J’ai vécu jusqu’à il y a une dizaine d’années sans tra­vail sala­rié. Je me débrouillais comme je pou­vais. J’ai beau­coup pom­pé la France, les bourses, le minis­tère de la Culture… Les Belges aus­si. Puis c’est deve­nu plus dif­fi­cile et j’ai com­men­cé à ensei­gner. Un grand nombre d’an­nées pour une pro­duc­tion assez faible. Il y a beau­coup de livres mais ils sont petits. Je ne voyais pas la néces­si­té de faire des lon­gueurs : il fal­lait que ce soit immé­diat, rapide, concen­tré. Je suis anti­pro­duc­tif. Il ne faut pas trop. Les mots fran­çais m’énervent. Pour me délas­ser — ou m’énerver davan­tage — j’ouvre le dic­tion­naire. Dès que les pages sont ouvertes je suis absor­bé par les mots, leur ori­gine, la manière dont ils ont évo­lué… Mais il faut faire atten­tion. À petite dose, sinon la folie me guette. Le reste du temps, quand je n’é­cri­vais pas, je le pas­sais à me pro­me­ner, à pêcher… J’ai com­men­cé à l’envers, comme un pen­sion­né qui pêche au bord des rivières de Belgique alors que tout le monde allait tra­vailler. On avait ça dans la famille. Un seul a don­né sa vie pour le bou­lot — mon père, mineur. On se disait qu’un par famille ça suf­fi­sait. Je me suis tou­jours dit ça. Et le bou­lot qui est le mien actuel­le­ment n’est pas la mine : j’essaie de don­ner à des jeunes gens qui apprennent les arts l’envie de lire, éven­tuel­le­ment celle d’écrire.

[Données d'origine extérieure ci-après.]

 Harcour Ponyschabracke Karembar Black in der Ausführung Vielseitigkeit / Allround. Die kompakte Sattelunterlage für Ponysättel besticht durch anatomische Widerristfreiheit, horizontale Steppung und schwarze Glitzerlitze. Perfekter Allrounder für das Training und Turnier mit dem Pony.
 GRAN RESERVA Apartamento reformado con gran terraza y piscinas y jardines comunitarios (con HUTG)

À rebours de ce qu’on entend chez beau­coup d’é­cri­vains et d’é­cri­vaines, écrire n’est donc pas un labeur, un tra­vail.

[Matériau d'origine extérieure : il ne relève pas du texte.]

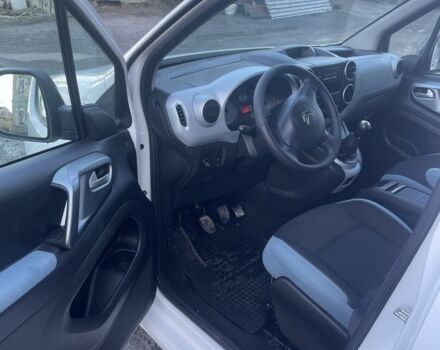 Белый Ситроен Берлинго, объемом двигателя 1.6 л и пробегом 216 тыс. км за 9100 $, фото 10 на Automoto.ua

Pas du tout, jamais. C’est oral d’une cer­taine façon. Quelque chose me parle — c’est peut-être de la schi­zo­phré­nie. Ou un peu comme un chant. Quelque chose vient et je me demande com­ment le conti­nuer. Un bout com­mence, pour­sui­vons. Seulement, je suis assez pares­seux. La prise de note prend du temps, leur pour­suite prend du temps… Mais il faut conti­nuer. Quand on demande des bourses il faut bien four­nir quelque chose après ! Mais ça n’est pas un labeur. Ce qui l’est, c’est, à la fin, de le mettre au net, de taper, à la machine ou à l’ordinateur. Ça c’est un bou­lot. Mais je fuis mon bureau — j’en ai un, pour­tant, avec des choses des­sus ! Mais il y a tou­jours mieux à faire.

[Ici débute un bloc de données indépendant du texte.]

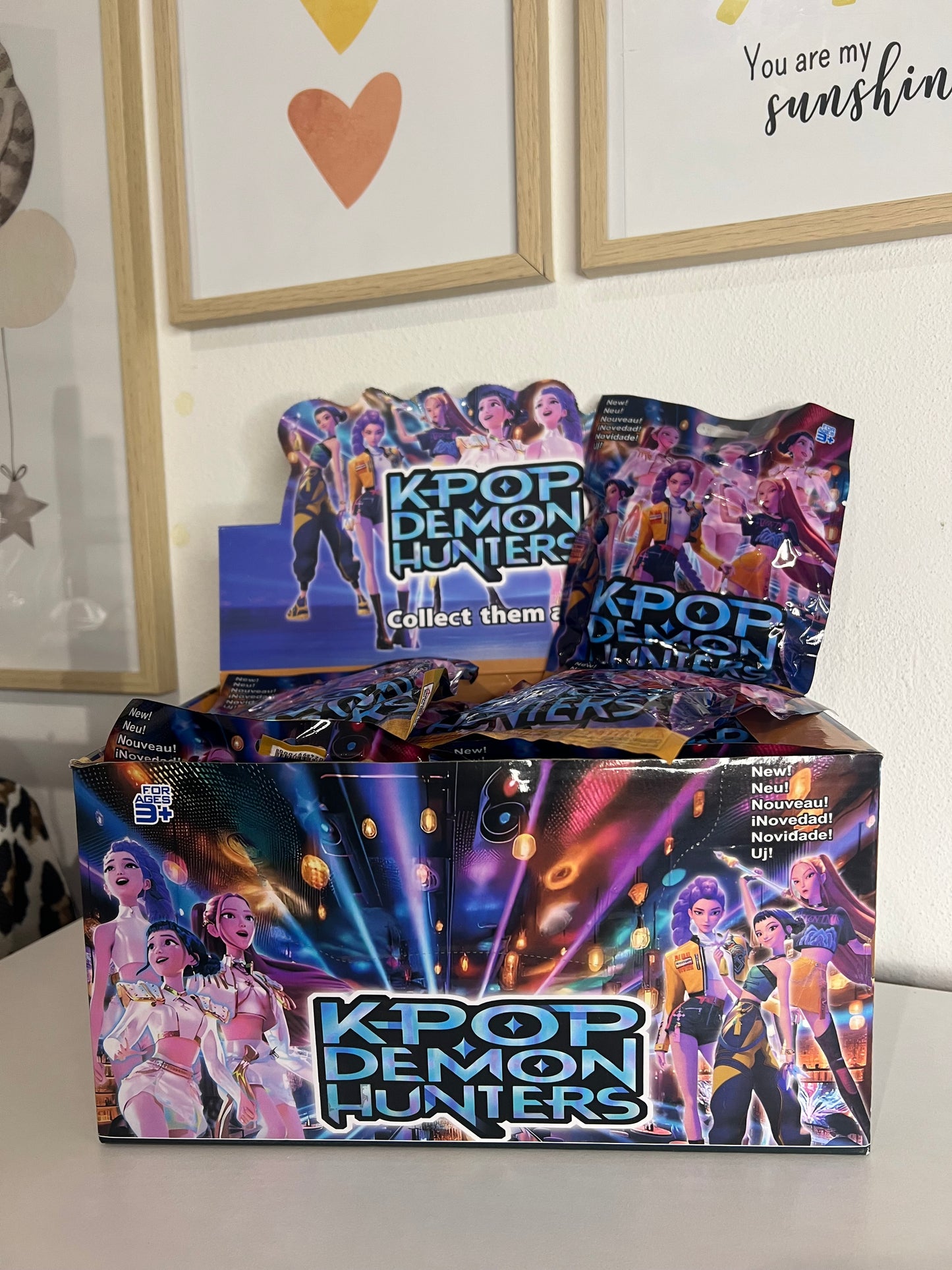 Surprise Bag - K-Pop Demon Hunters Figures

[Baïkal, hiver | Marie André]

Cette ora­li­té que vous men­tion­nez rap­pelle un docu­men­taire, Narcisse aux chiens, réa­li­sé sur vous il y a plus de vingt ans par la cinéaste Marie André. On vous y voit lire en écri­vant — truc ciné­ma­to­gra­phique ou pra­tique réelle, on ne sait pas. Un rap­port nou­veau aux images a‑t-il sui­vi cette expé­rience ?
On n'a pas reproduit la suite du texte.